Interpreted System. An interpreted system can execute programs
without going through a separate compilation stage. Interpreted
systems often allow the user to interact and modify the program as it
is running. Contrast with compiled systems .

Irregular Data. Data in which the relationship of one data item to
the other data items in the dataset is arbitrary. Irregular data is
also known as unstructured data.

Iso-parametric. A form of interpolation in which interpolation for
data values is the same as for the local geometry. Compare with
sub-parametric and super-parametric .

Isosurface. A surface representing a constant valued scalar
function. See contouring .

Isovalue. The scalar value used to generate an isosurface.

Jacobian. A matrix that relates one coordinate system to another.

Line. A cell defined by two points.

MRI (Magnetic Resonance Imaging). A data acquisition technique
based on measuring variation in magnetic field in response to
radio-wave pulses. The data is acquired in a 3D region as a series of
slice planes (i.e., a stack of $n^2$ points).

Mapper. A process object that terminates the visualization
network. It maps input data into graphics libraries (or other
devices) or writes data to disk (or a communication device).

Manifold Topology. A domain is manifold at a point p in a
topological space of dimension n if the

neighborhood around p is homeomorphic to an n-dimensional sphere.
Homeomorphic means that the mapping is one to one without tearing
(i.e., like mapping a rubber sheet from a square to a disk). We
generally refer to an object's topology as manifold if every point in
the object is manifold. Contrast with nonmanifold topology .

Marching Cubes. A contouring algorithm to create surfaces of
constant scalar value in 3D. Marching cubes is described for volume
datasets, but has been extended to datasets consisting of other cell
types.

Member Function. A member function is a function or transformation
that can be applied to an object. It is the functional equivalent to a
data member. Member functions define the behavior of an object.
Methods, operations, and member functions are essentially the same.

Method. A function or transformation that can be applied to an
object. Methods define the behavior of an object. Methods,
operations, and member functions are essentially the same.

Modal Lines. Lines on the surface of a vibrating object that
separate regions of positive and negative displacement.

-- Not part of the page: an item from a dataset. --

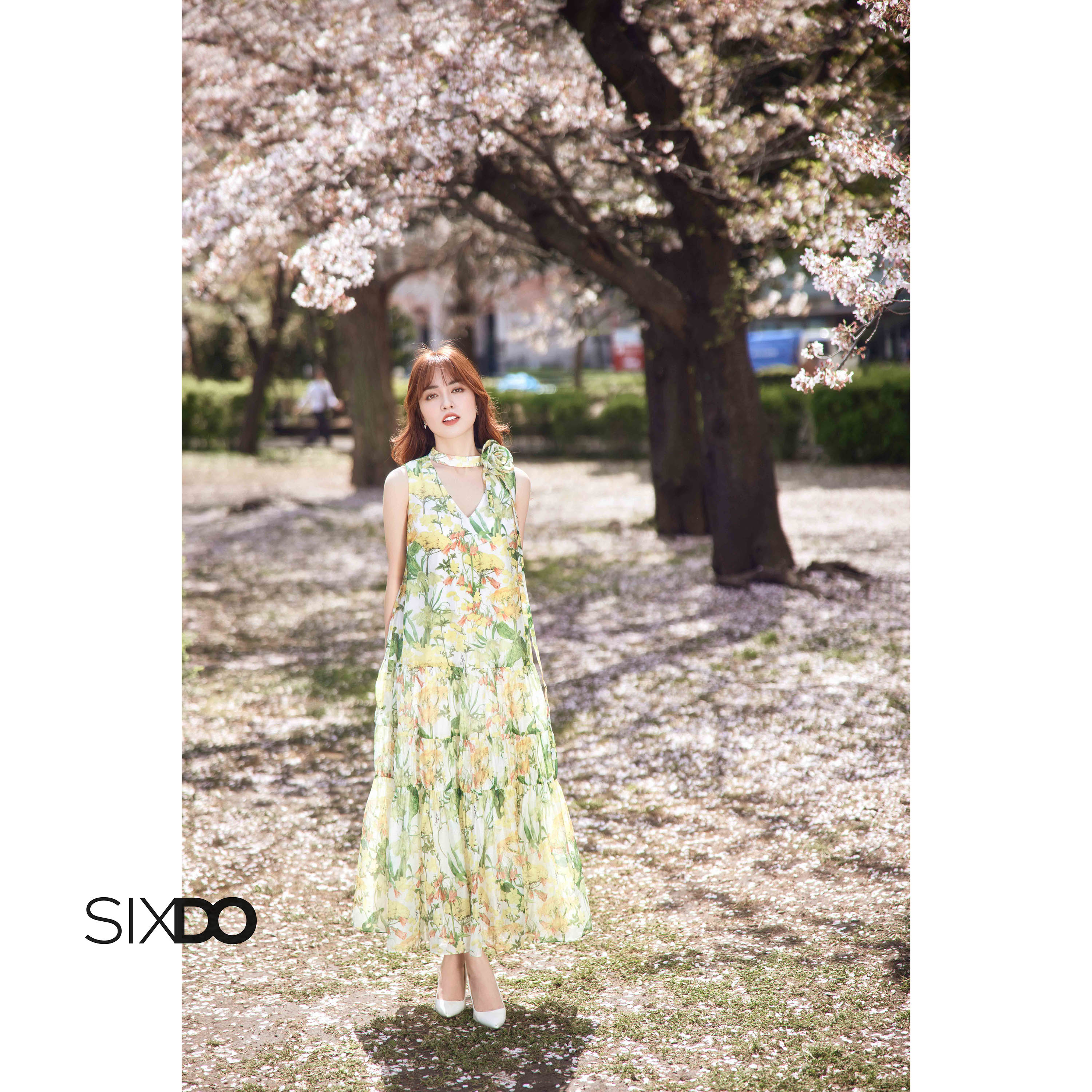 Đầm tơ organza sát nách dáng xòe SIXDO (White Floral Sleeveless Midi Dress)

Mode Shape. The motion of an object vibrating at a natural
frequency. See also eigenvalues and

eigenvectors .

Model Coordinate System. The coordinate system that a model or
geometric entity is defined in.

There may be many different model coordinate systems defined for one
scene.

Motion Blur. An artifact of the shutter speed of a camera. Since
the camera's shutter stays open for a finite amount of time, changes
in the scene that occur during that time can result in blurring of the
resulting image.

Morph. A progressive transformation of one object into another.
Generally used to transform images (2D morphing) and in some cases
geometry (3D morphing).

Multiple Input. Process objects that accept more than one input.

Multiple Output. Process objects that generate more than one
output.

Multidimensional Visualization. Visualizing data of four or more
variables. Generally requires a mapping of many dimensions into three
or fewer dimensions so that standard visualization techniques can be
applied.

Nonmanifold Topology. Topology that is not manifold. Examples
include polygonal meshes, where an edge is used by more than two
polygons, or polygons connected to each other at their vertices
(i.e., do not share an edge). Contrast with manifold topology .

Normal. A unit vector that indicates perpendicular direction to a
surface. Normals are a common type of data attribute.

Object. An abstraction that models the state and behavior of
entities in a system. Instances and classes are both objects.

Object Model. The description of a system in terms of the
components that make up the system, including the relationship of the
components one to another.

Object-Order Techniques. Rendering techniques that project object
data (e.g., polygons or voxels) onto the image plane. Example
techniques include ordered compositing and splatting.

Object-Oriented. A software development technique that uses
objects to represent the state and behavior of entities in a system.

Octree Decomposition. A technique to decompose a cubical region of
three-dimensional space into smaller cubes. The cubes, or octants, are
related in tree fashion. The root octant is the cubical region. Each
octant may have eight children created by dividing the parent in half
in the x, y, and z directions.

Object Factory. An object used to construct or instantiate other
objects. In VTK, object factories are implemented using the class
method New().

OMT. Object Modelling Technique . An object-oriented design
technique that models software systems with object, dynamic, and
functional diagrams.

Operation. A function or transformation that can be applied to an
object. Operations define the behavior of an object. Methods and
member functions implement operations.

Overloading. Having multiple methods with the same name. Some
methods are overloaded because there are different versions of the
same method. These differences are based on argument types, while the
underlying algorithm remains the same. Contrast with polymorphic .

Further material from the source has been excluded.